Everyone believes in something. Even agnostics and atheists believe in something. Some put blind faith in money, thinking it will make them happy. Some put blind faith in material possessions, because, well, *sparklies*. Some put blind faith in their political party or right-left-center talking points. Some put blind faith in celebrity, buying Bieber cologne or other ludicrous claptrap. Some put blind faith in themselves, being so arrogant as to think they are infallible and therefore beyond question. Some even put blind faith in science, as odd as that sounds, believing that any and all studies that cross their path must be true (this leads to a lot of fad diets as well as other errors).

Copyright America In Context

Liberty’s Shrine

In my own case, I tend to put blind faith in the American ideal. For folks like me, Independence Park in Philadelphia is the Temple Mount, the Ganges River, the Mecca of our own beliefs. It’s a place of extreme importance, a shrine commemorating the place where the founding principles of this country were put to paper and approved by an assemblage of great minds and strong characters. A place where heretofore un-codified principles were defined and written into law and principle, grandiose notions such as “[w]e hold these truths to be self-evident, that all men are created equal”; “whenever any Form of Government becomes destructive of these ends, it is the Right of the People to alter or to abolish it”; or “[t]he privilege of the writ of habeas corpus shall not be suspended, unless when in cases of rebellion or invasion the public safety may require it”. Fabulous ideas, amazing ideas, ideas that would inspire nation after nation to rebel against tyrants and kings and establish democracy. It’s the Great American Way that Independence Park symbolizes, the Great American Way that I hold most dear.

Unfortunately.

Folks are going to worship me someday, aren't they? :sigh:

“Folks are going to worship me someday, aren’t they? :sigh:”

If there’s one thing I’ve learned, ideals aren’t real. They don’t exist, and you can’t count on them. If you do, you will be betrayed. Every time. The American Ideal is the same: it’s full of betrayal. The original Constitution says that certain people are only worth 3/5ths of other people, and also said that those in bondage who escape to another state must be returned into bondage. Basically, it protected the vile institution of slavery for nearly 100 years. Even today, long after that particular abomination was wiped out by amendment, there is betrayal. These documents have been subverted, abused and weakened, leaving a system of government so devolved it barely represents the will of the people at all, and our nation is in a fine ruddy mess because of it.

Then again, it’s still important to hold onto ideals. It’s vital, actually. They are the goal, the dream, the vision, and without our goals, dreams and visions, we are a dead species.

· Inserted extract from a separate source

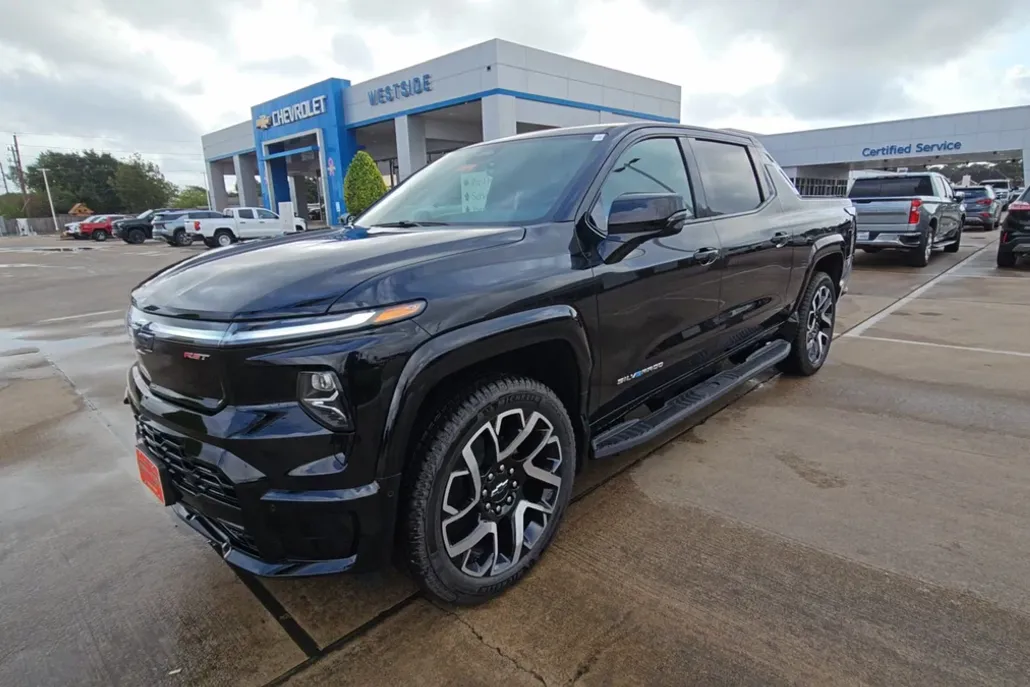 2024 Chevrolet Silverado EV RST photo 1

And to keep goals, dreams and visions alive, it is important that kids be indoctrinated (for lack of a better word) with ideals that are truly valuable, else they, too, will grow up to be tyrants and monsters; and you can’t do any worse than indoctrinating them into the important American ideals of equality, liberty, self-governance, and independence.

And naked statuary, of course

And naked statuary, of course

There is also no better element of that indoctrination than a trip to Independence Park in Philadelphia. I really like Philadelphia for one simple reason: the park is dedicated not to rebellion (like Boston, with it’s homage to the Boston Massacre, Faneuil Hall, and Paul Revere), nor to warfare (like Valley Forge or Yorktown), nor to marble monoliths (like Washington, DC) but to ideas, thought, consideration, and debate. It’s a site that contains meeting rooms, and convention halls, and judicial chambers;  not cannons, trenches, or cemeteries, but desks. It is a truly remarkable place in that aspect, it’s dedicated to ideas, and I find that refreshing.

But he's just sitting there! THINKING!

But he’s just sitting there! THINKING!

Liberty Imprisoned

I first visited Philadelphia in the 90’s. At that time, the Liberty Bell was in a non-descript glass enclosure inside Independence Hall. Anyone could see it. I never bought into Bell lore myself (like most American legends, it’s more tall tale than fact), but I kinda liked the presentation: subdued, no drama, viewable by everyone, kinda like I envision liberty itself. Freedom should not be a big deal, it should not be something we put on a pedestal. It should just “be”. You don’t pay attention to it when it’s there, you just live your life, yet everyone notices when it’s absent.

Then 9/11 happened, our liberties were sacrificed to the Lords of Fear, and The Liberty Bell became a symbol of our shift to madness.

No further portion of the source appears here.